Data extract:

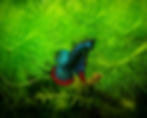 Betta fish surrounded by aquatic plants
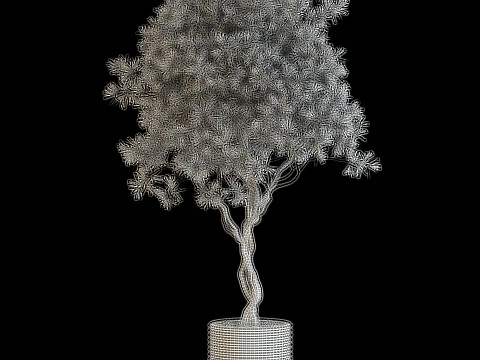 Plants collection 641 3D Model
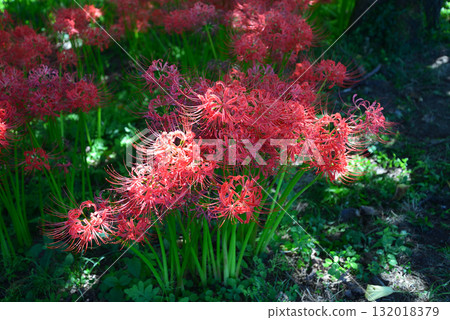 箕澤紅花石蒜公園 2025-9-27 #11 132018379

To do:
The answer must be an exact copy of the lines from the one that holds "Plants collection 641 3D Model" through the end of the data, both included, with no pictures.

Problem solution:
 Plants collection 641 3D Model
 箕澤紅花石蒜公園 2025-9-27 #11 132018379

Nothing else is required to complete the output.